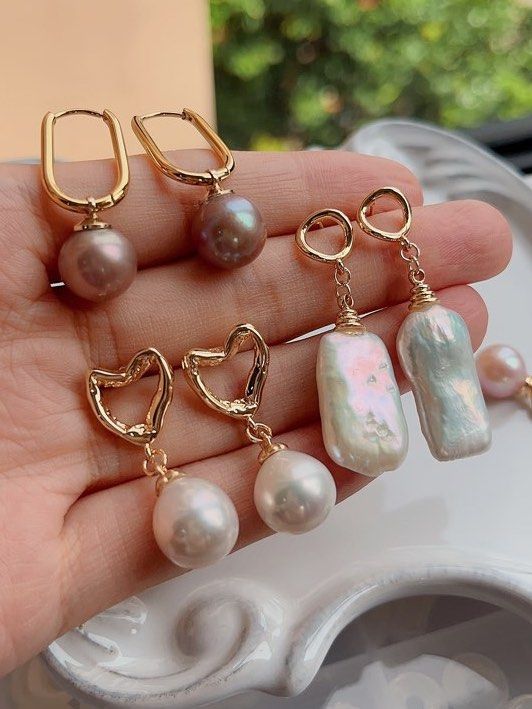 Freshwater Pearl Earrings Button Rectangle Water Drop Baroque Pearls Edison Pearl Irregular Shapes Classic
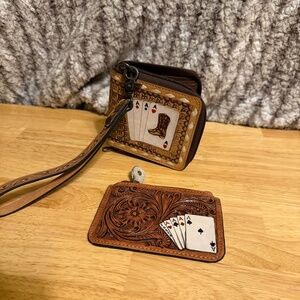 NWT Brown Aces Leather Wallet and Coin Purse Set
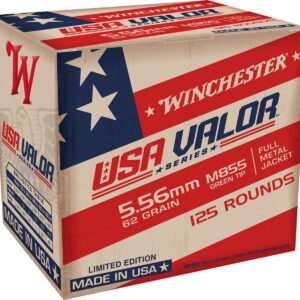 Winchester Ammo USA855125 USA Valor M855 Green Tip 5.56x45mm NATO 62 gr Full Metal Jacket 125 Per Box/10 Case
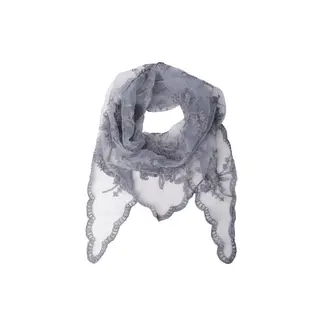 Black Colour Sjaal Grey Blue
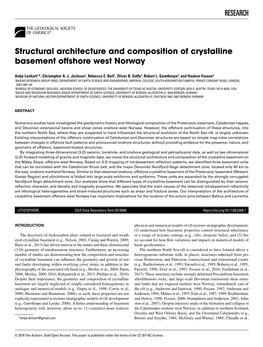 Structural Architecture and Composition of Crystalline Basement Offshore West Norway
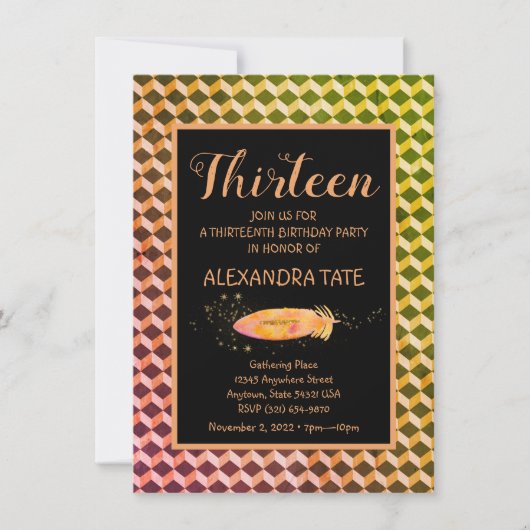 Magische Bohemian Feather Verjaardag uitnodiging (Voorkant)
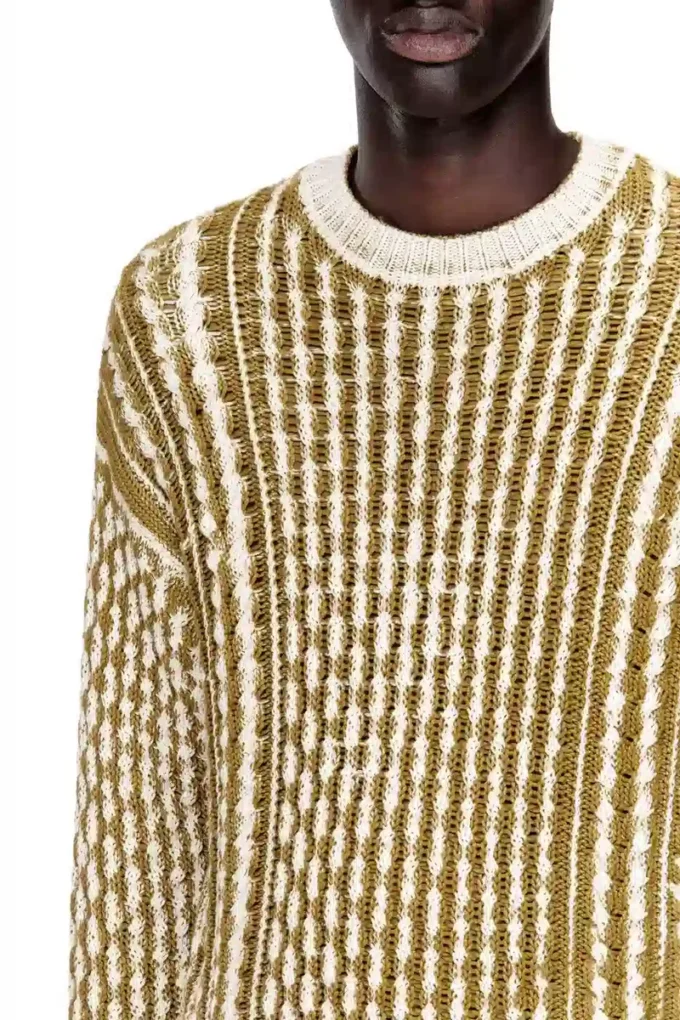 k-moise Pull en maille torsadée à imprimé inversé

EXERCISE DIRECTIONS:
In the records, the line containing "Magische Bohemian Feather" starts the span and the final line ends it. Output exactly that span, both ends included, with no pictures and nothing else.

OUTPUT FOR THIS TASK:
 Magische Bohemian Feather Verjaardag uitnodiging (Voorkant)
 k-moise Pull en maille torsadée à imprimé inversé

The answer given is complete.